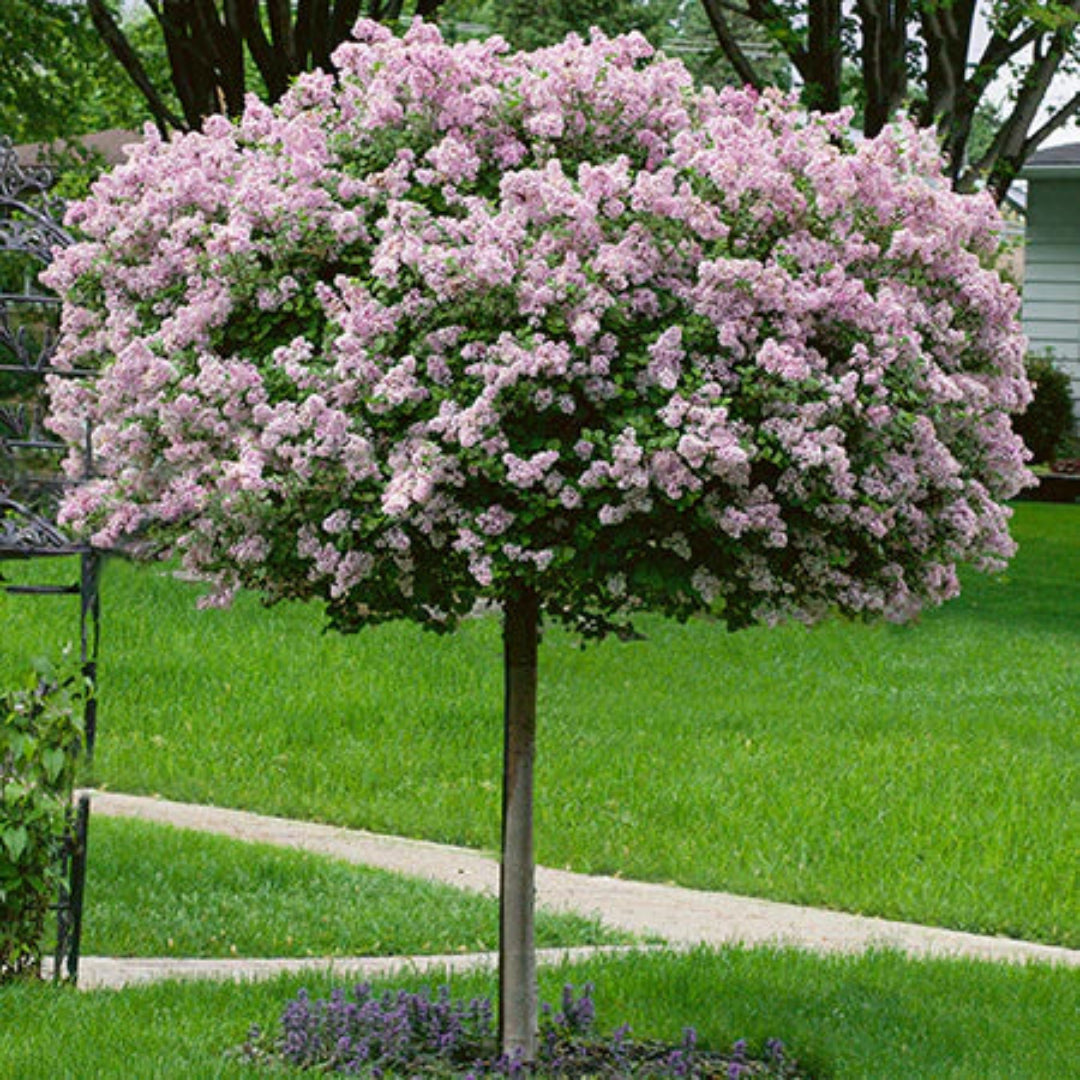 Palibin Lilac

..........

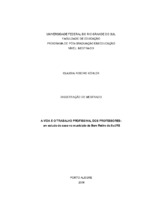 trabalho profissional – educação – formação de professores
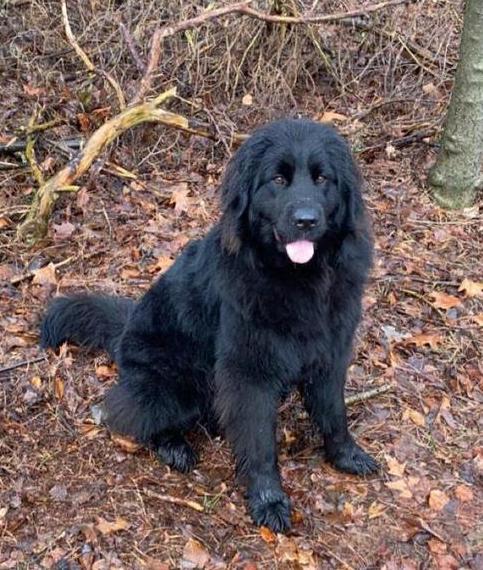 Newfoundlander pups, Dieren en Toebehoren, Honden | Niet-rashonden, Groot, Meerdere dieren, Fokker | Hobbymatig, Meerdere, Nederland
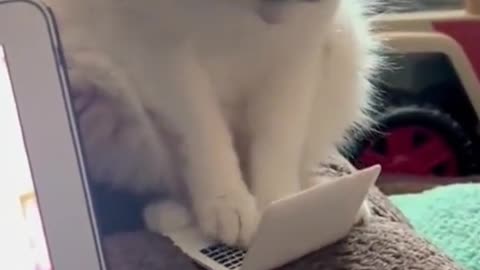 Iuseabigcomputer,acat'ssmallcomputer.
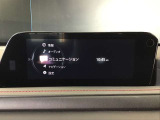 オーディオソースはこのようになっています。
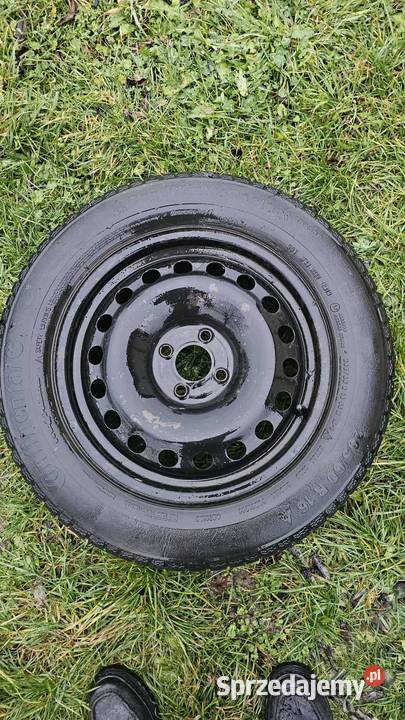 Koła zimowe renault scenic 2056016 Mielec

..........

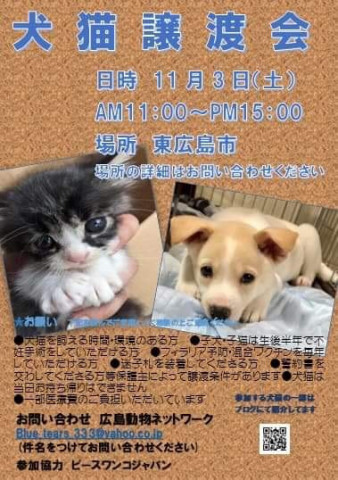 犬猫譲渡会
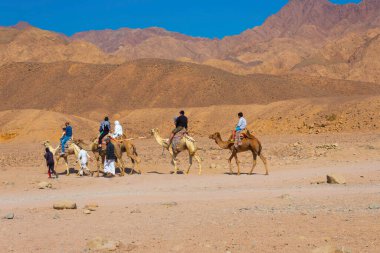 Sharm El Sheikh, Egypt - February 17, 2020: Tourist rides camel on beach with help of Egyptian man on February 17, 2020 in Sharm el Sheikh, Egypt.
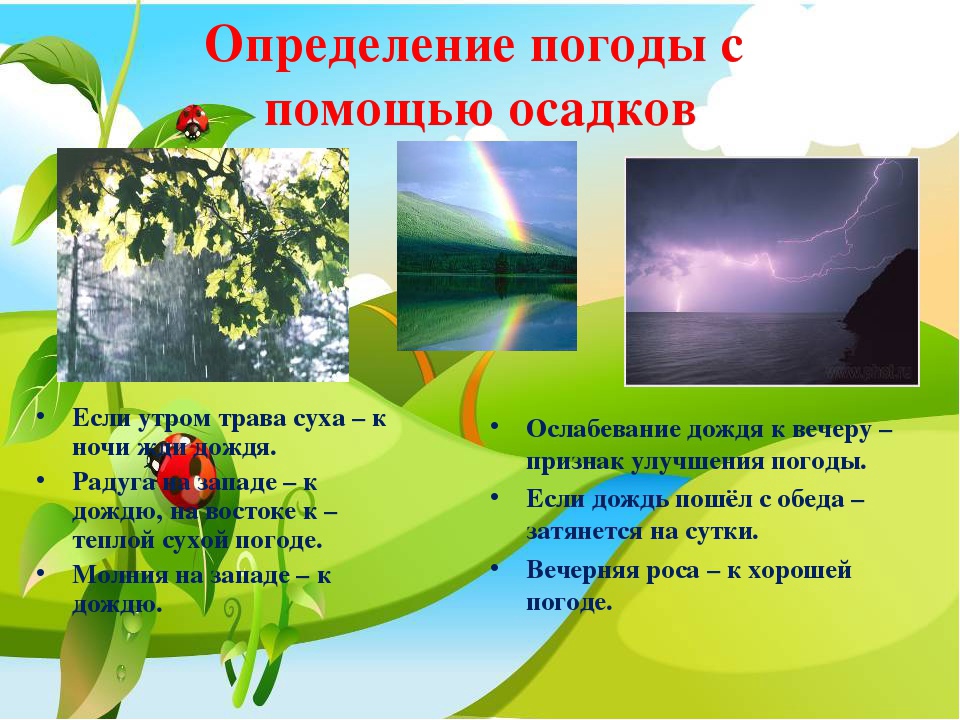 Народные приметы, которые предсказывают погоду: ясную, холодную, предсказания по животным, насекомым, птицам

..........

**Task**. Only one stretch of the data is wanted: write out exactly the lines from the one holding "Sharm El Sheikh, Egypt - February" through the one holding "Народные приметы, которые", both included, without the pictures.

**Exercise result**.
 Sharm El Sheikh, Egypt - February 17, 2020: Tourist rides camel on beach with help of Egyptian man on February 17, 2020 in Sharm el Sheikh, Egypt.
 Народные приметы, которые предсказывают погоду: ясную, холодную, предсказания по животным, насекомым, птицам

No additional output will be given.